ENTRIES PROVIDED —
● ● ● ●

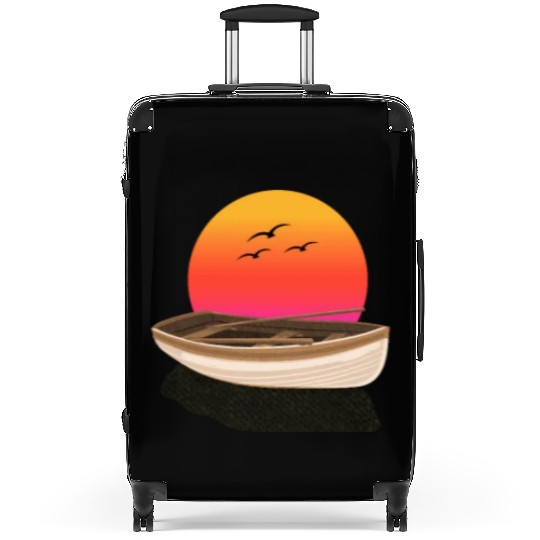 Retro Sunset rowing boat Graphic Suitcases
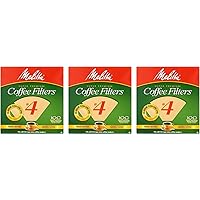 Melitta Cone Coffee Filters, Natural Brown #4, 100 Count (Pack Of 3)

● ● ● ●

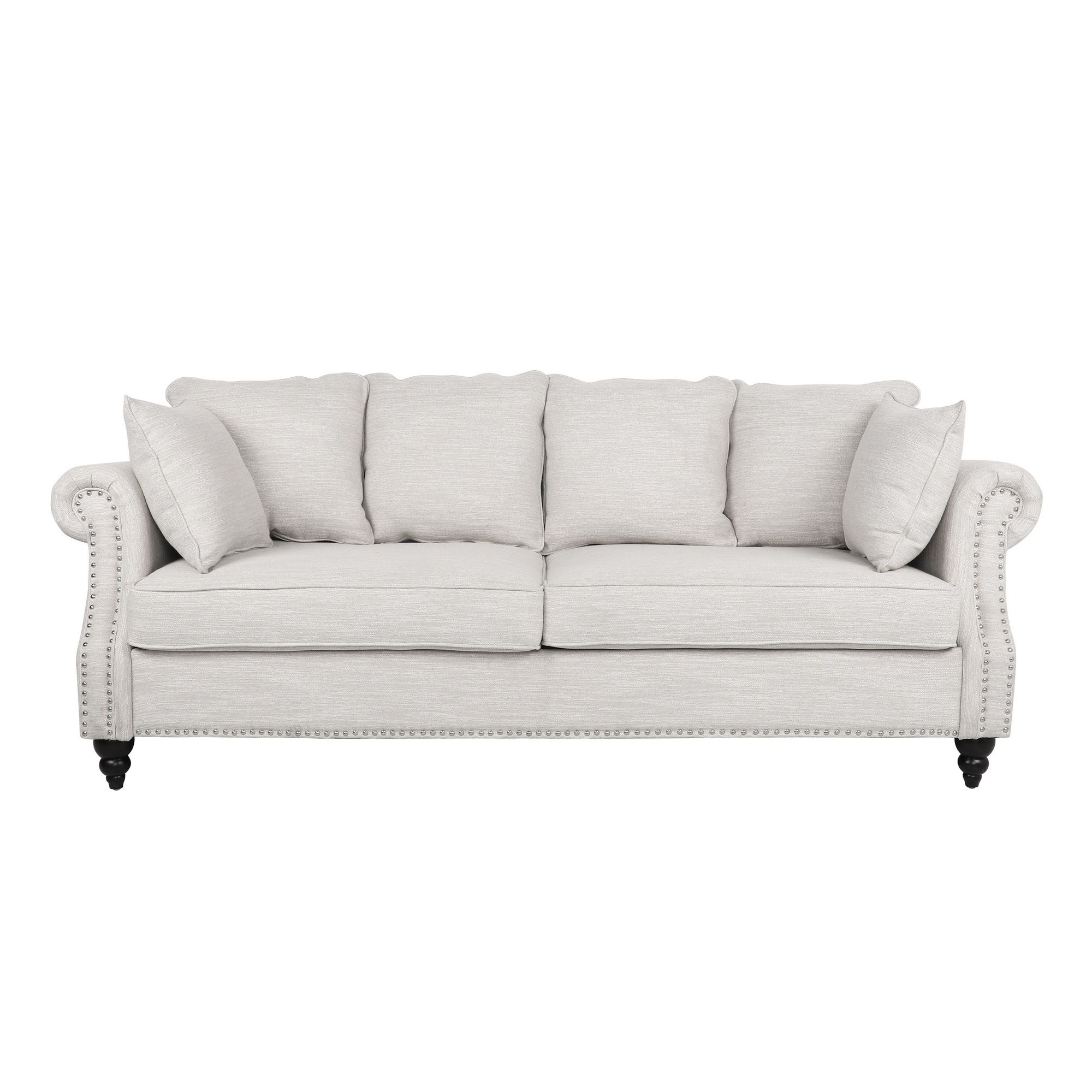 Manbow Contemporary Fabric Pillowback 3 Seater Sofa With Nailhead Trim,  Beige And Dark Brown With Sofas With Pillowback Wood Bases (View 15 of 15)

● ● ● ●

WHAT IS REQUIRED —
Copy out exactly the lines above beginning with the line that contains "Retro Sunset rowing boat Graphic Suitcases" and finishing with the line that contains "Melitta Cone Coffee", including both; leave the pictures out.

SOLUTION —
 Retro Sunset rowing boat Graphic Suitcases
 Melitta Cone Coffee Filters, Natural Brown #4, 100 Count (Pack Of 3)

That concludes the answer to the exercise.